For all of my supposed management prowess, it took me a long time to follow the advice I had been giving to my own employees for years. In my case, I wanted to reduce my 90-minute commute and not have to clean up other people’s messes (a big part of any PR job). I only wanted to deal with messes that I myself had created.
That’s when it all fell into place: I needed to solve for having more control.
If I had identified money or prestige as my key driver, I might have explored options at other tech companies or a similar position in a new industry. But that would have just been taking my existing problem to a new job. I had figured out I wanted to be a one-woman show of something. I didn’t know what that was, which was probably part of the reason why I had been paralyzed for so long. So what I needed wasn’t necessarily a new job; it was something that would help me figure out what I was interested in.
So I applied to grad school, and when I got in, paid the $100 deposit. Did I know if I would finish grad school or what would come of it? No. But it allowed me to jump right into something else — something totally different that would allow little comparison with my previous life and also give me total control over my day-to-day goals.
I did all of this at 39. I couldn’t have afforded myself that opportunity in my 20s — and of course, many people my age can’t afford to take time off to figure out their next steps. The point of my advice is not to say you should take a year off and go to grad school or decamp to an ashram in India (though if that works for you, great).
After the deposit was paid, it was easy to give my notice.

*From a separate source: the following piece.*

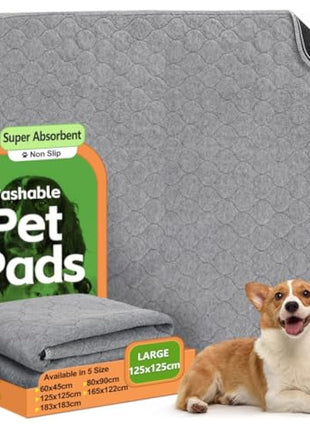 2 Pack Washable Dog Pee Pads - Instantly Absorbent and Reusable for Puppy Training - Waterproof Pet Mat for Dogs, Rabbits, Bunnies, and Small Animals - 125x125cm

Rather, it’s to say that if you’re hanging on a bit too long, afraid of what will happen next, find something that forces you into your next step. Sign up for something that you will have a hard time wiggling out of. That could be taking a night class, conducting informational interviews to learn more about a particular field, or doing some volunteer work in an area that interests you. Make a small commitment that feels easy to do at the time but later may feel hard to reverse.
After the deposit was paid, it was easy to give my notice. I knew what I was doing next, and I knew what I was solving for. I wasn’t fixing all of my job existential woes — I was getting myself on a path toward figuring out what I wanted to do.

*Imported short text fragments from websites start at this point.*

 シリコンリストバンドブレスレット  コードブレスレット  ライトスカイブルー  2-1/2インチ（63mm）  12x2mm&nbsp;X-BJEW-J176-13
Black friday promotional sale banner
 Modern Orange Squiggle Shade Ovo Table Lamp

(Side note for those interested: During the year following my departure from Google, I went back to school, ended up starting a company, had a third child, paused school to zombie-walk my way through the newborn stage, and published a book. Only the school part was in motion when I left, but none of the other four things would have likely happened if I had stayed at my job. Also, that was a crazy year; I am not normally so productive.)
Reading magazine profiles or listening to cocktail party versions of people’s quitting stories, it’s easy to think you should only quit your job if you have a super clear vision of your future or are blessed with a million-dollar idea. Because our own narrative doesn’t feel so simple, we second-guess our instincts, allowing fear of the unknown to push us toward putting off the things we know we want to do.
Instead, we’d do well to embrace the messiness of our process and dispassionately figure out what’s important to us on the most fundamental level, building a business plan for our life that gradually gets us from point A to point B.
There are some people who are born knowing exactly what they want to do or who are super relaxed about riding the seas of change from one wave to the next. But those people never clicked on this article. But you did. And you read all the way to this sentence. The question is, why? And what are you waiting for?